In the 1980s, at the very moment that Modernism was shattering into competing in-groups, critics were speaking of interpretive communities: it takes both readers and writers together to create the conditions for seeing. It may be just a coincidence, but Postmodernism seemed out to confirm much the same for viewers and artists. Now Nick Mauss finds an even livelier creative interchange between modern artists and dancers, starting well before Alvin Ailey with the American Dance Theater, Robert Rauschenberg with Trisha Brown, or Tiona Nekkia McClodden with Dance Black America. For him, the ultimate interpretive community is a dance company. He invites the Whitney and its visitors to join the community as well.

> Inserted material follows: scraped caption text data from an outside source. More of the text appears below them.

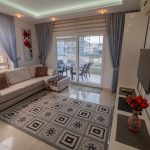 photo_1_2023-04-27_20-26-09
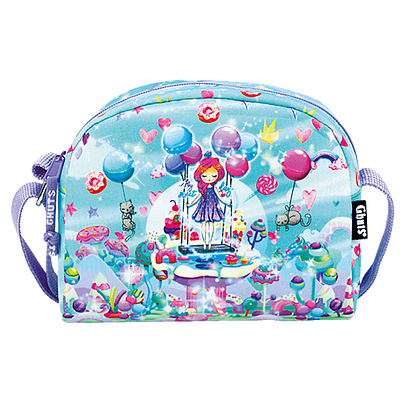 MALINHA GH222 CANDYLAND P02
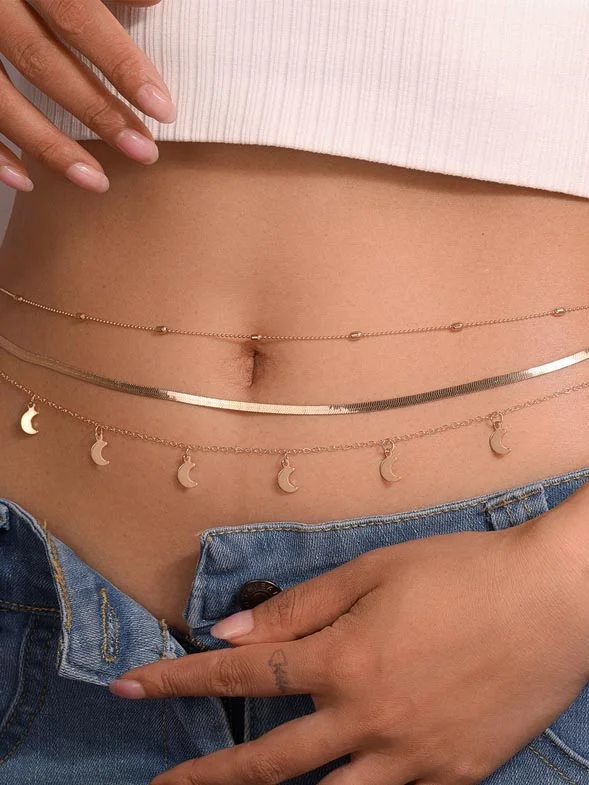 waist-chain-cute-moons-2 waist chains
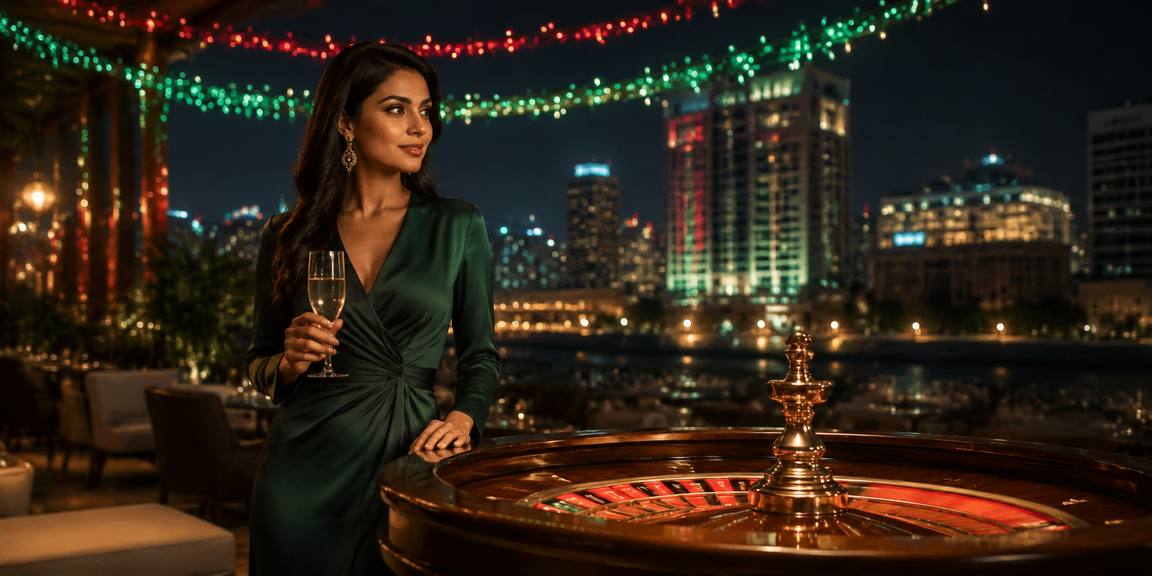 5z111 এনবিএ বাস্কেটবল বেটিং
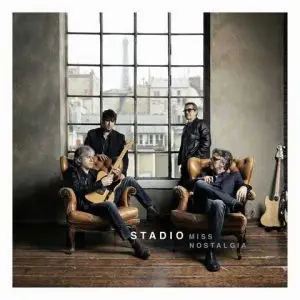 NoteVerticali.it_Stadio_Miss_Nostalgia_cover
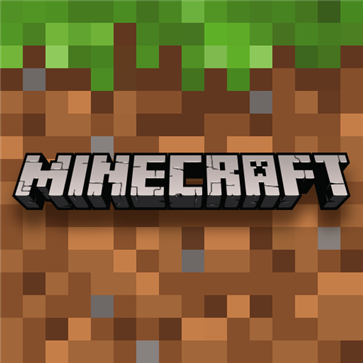 minecraft1.19H2023V1.19.50.24 ׿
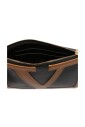collection-de-sacs-noirs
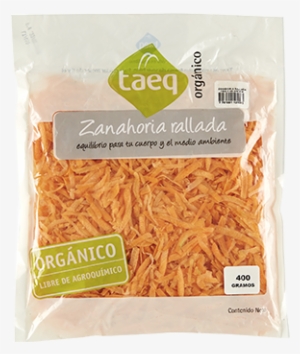 400g - Pancit #3447689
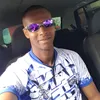 cassius93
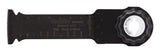 Makita Sagblad Multikutter 32Mm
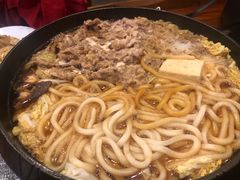 -樱の花亭日本料理店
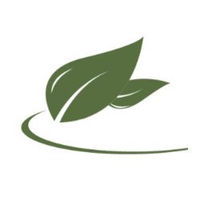 Erica Gibbon | Linden Tree Health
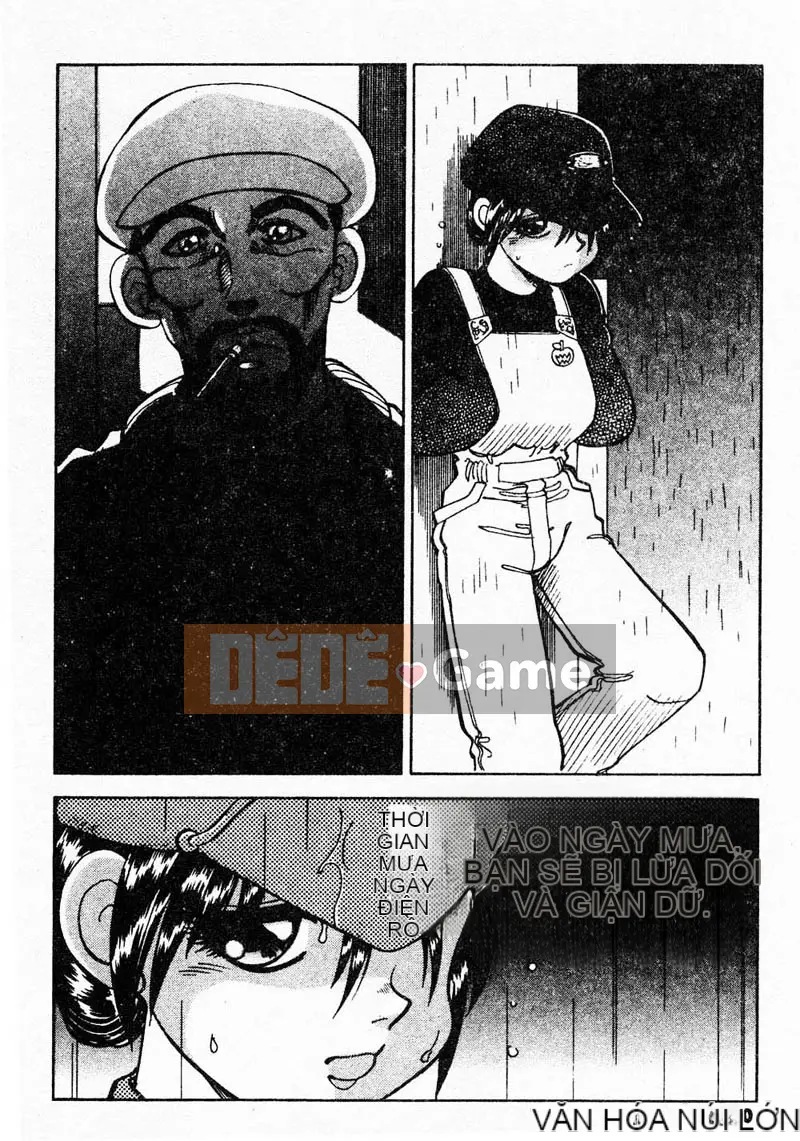 [Tuyển tập] Kanin no Ie Vol.4 ~Cha và con gái~ [Chuu]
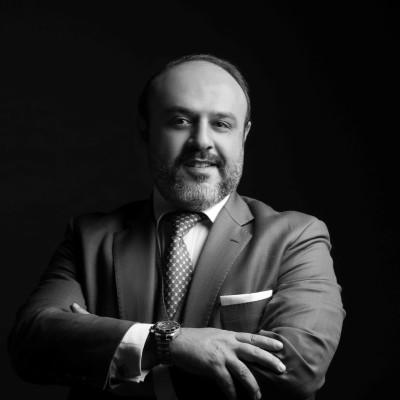 Acsi Firas N. Al-Madi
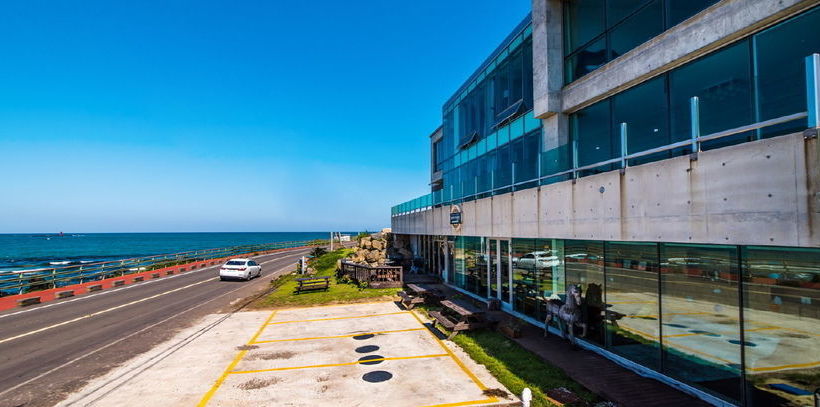 Hotel Star Story Pension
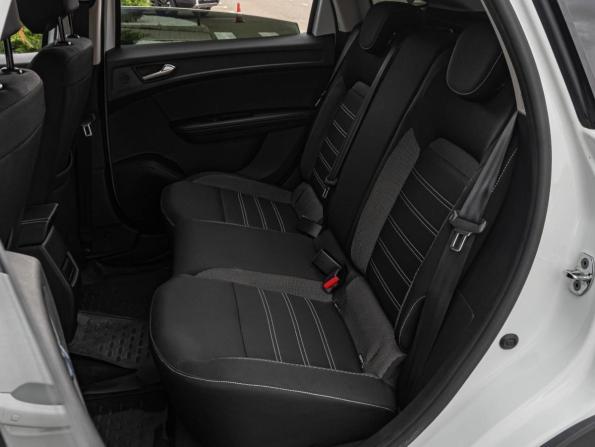 Renault Arkana I с пробегом 2019 года, цена 1 620 000 рублей, 99893 км, внедорожник, Автокод Объявления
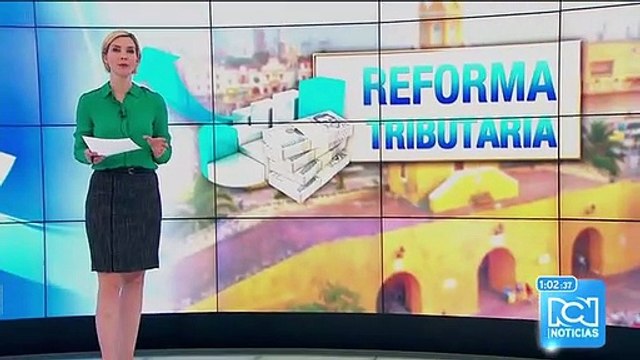 Congresistas piden no gravar el IVA del 19% a algunos productos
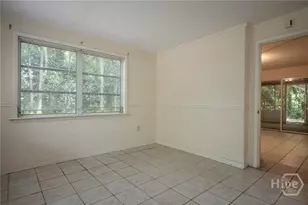 175 Habersham, Athens, GA 30606 - Photo 18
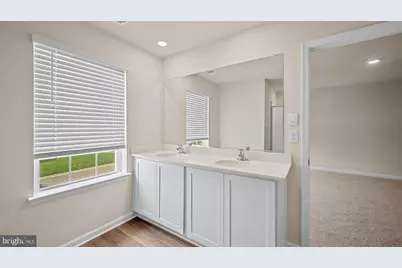 1570 Bentstalk Drive, Frederick, MD 21703 - Photo 25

The show features his own collaboration and reinterpretation. For four hours each day, twelve dancers perform, four at a time. They take it slow, in seeming trial movements. They might be in rehearsal or at rest while others continue. Around them are the artist's sources, from dance archives and the museum's collection. They run to far more than choreographers and dancers.

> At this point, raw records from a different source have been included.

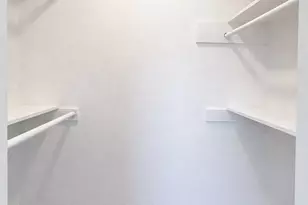 2915 56th St, Dallas, TX 75241 - Photo 35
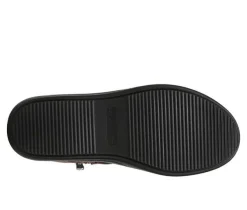 Women's LifeStride Brave Booties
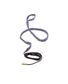 NETTOYEUR BORESNAKE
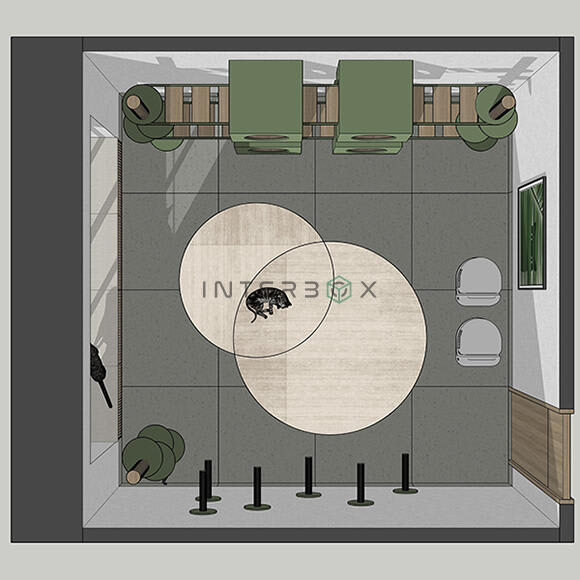 Layout Image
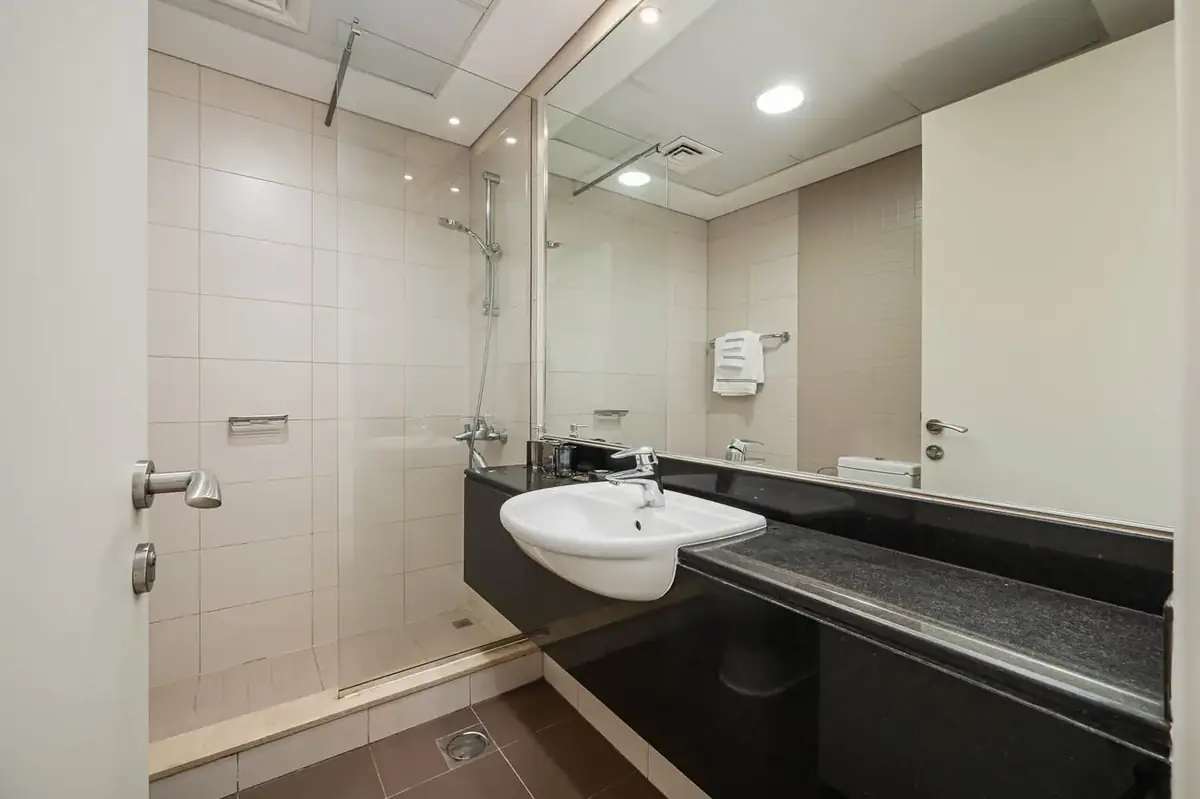 Apartment 169 m² in Dubai - 11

Artists here take on multiple roles, and the connections run in both directions. Paul Cadmus paints another quiet moment in a dance studio, but he also designed the costumes seen in photographs and a recreation. Dorothea Tanning did costume design, too, as did Pavel Tchelitchew, restraining the American Surrealism in their paintings. Joseph Cornell contributed the cover to a history of dance by Lincoln Kirstein (who also sat for Walker Evans). Gaston Lachaise looked to dance for his sculpture, like Edgar Degas before him but more massive and murkier. A set for George Balanchine appears here as an ominous work of art.
John Storrs may not have had dance in mind for his Cubism or Man Ray for his c-clamp clutching a silvery tower, but Mauss found inspiration in them as well. He pored over the museum's holdings with the curators, Scott Rothkopf and Elisabeth Sussman with Greta Hartenstein and Allie Tepper. He even throws in an earlier recreation. Sturtevant, who paid tribute to Marcel Duchamp for the 2006 Whitney Biennial, restaged in 1967 the cancellation (owing to a dancer's illness) of a 1924 ballet by Francis Picabia with music by Erik Satie, film by René Clair, and a passing appearance by Duchamp himself. Picabia hardly knew what was coming when he called the ballet Relâche (or "canceled"). Nor did ticket holders unsure whether they had seen a performance after all.

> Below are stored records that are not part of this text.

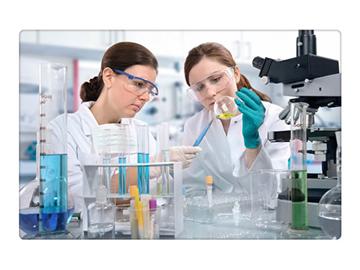 雅思沒考可以申請英國碩士嗎？帶雅思是否更有優(yōu)勢？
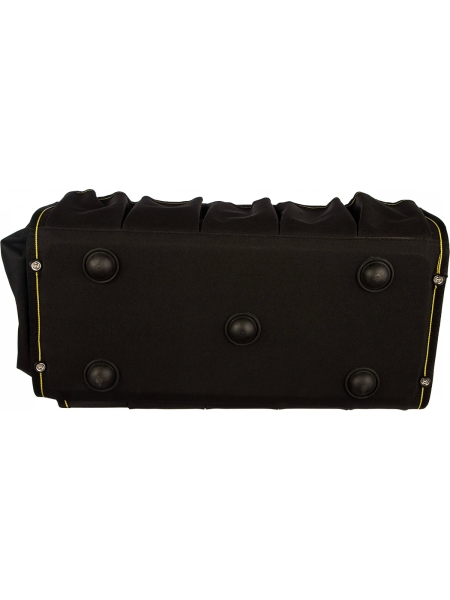 Сумка для инструмента Inforce 11-25-07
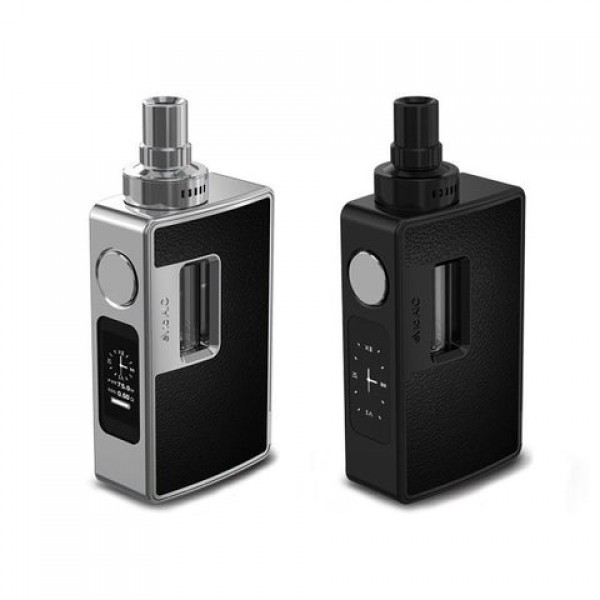 Joyetech eVic AIO All In One TC Starter Kit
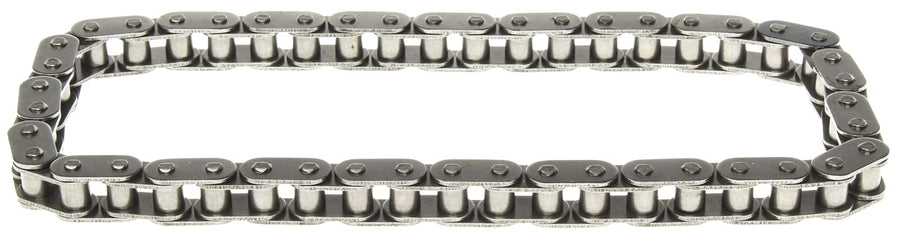 Timing Assy. 3 Piece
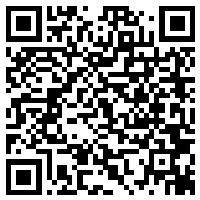QR Code for bitcoin:bitcoin:bitcoin:bitcoin:1LJBvvAx1WRFneDfKGCsBoomwRtMLXX6F5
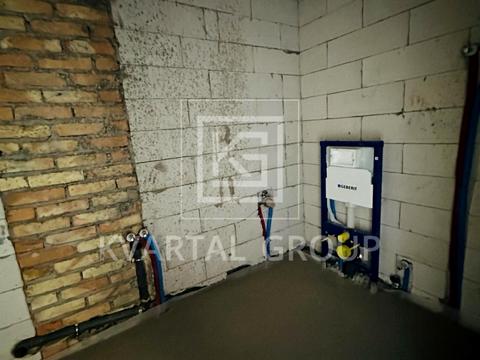 будинок за адресою Миколи Руденка вул. (Руденка)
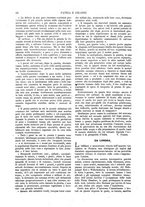 giornale/TO00190781/1917/unico/00000078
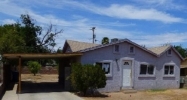 2114 W Elm Street Phoenix, AZ 85015 - Image 12648856
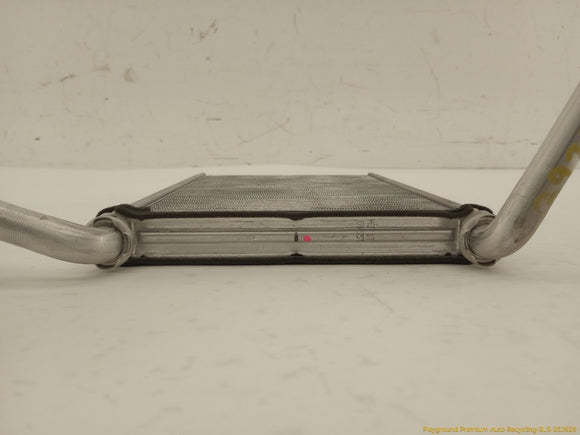 Acura TSX Heater Core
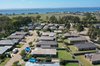 https://images.listonce.com.au/custom/l/listings/13-jim-way-paynesville-vic-3880/498/01736498_img_20.jpg?zToRnwp3vLs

All this punning and repetition sounds postmodern enough, but Mauss is anything but critical. He calls the show "Transmissions," because the present reinvents the past for the future. A figure from the American Negro Ballet, in front of floral wallpaper, could be competing with white dancers in a slide show by Carl Van Vechten—or with President Obama in his official portrait by Kehinde Wiley. As I watched, a guard was moving her arms to join, however modestly, in the dance. Mauss shows his own hand only once, in painting on silvered glass that mirrors its surroundings. He may remake history most, though, just outside the entrance.
Film on pale hanging scrim documents Russian touring companies from the 1930s through the 1950s. To either side, George Platt Lyons photographs the New York City ballet in 1936, for Kirstein. Hans Bellmer might have posed the twisted bodies, Robert Mapplethorpe the nude flaunting his penis. A woman wears only heavy cut paper, almost like Yoko Ono in fabric for her Cut Piece. With his mock period room for the 2012 Whitney Biennial, Mauss may seem mired in the past or in his head, but he may yet have found a way out. Still in his thirties, he falls back on his tastes and his research, but through an interpretive community.
Grant Wood ran at The Whitney Museum of American Art through June 10, 2018, Nick Mauss through May 14.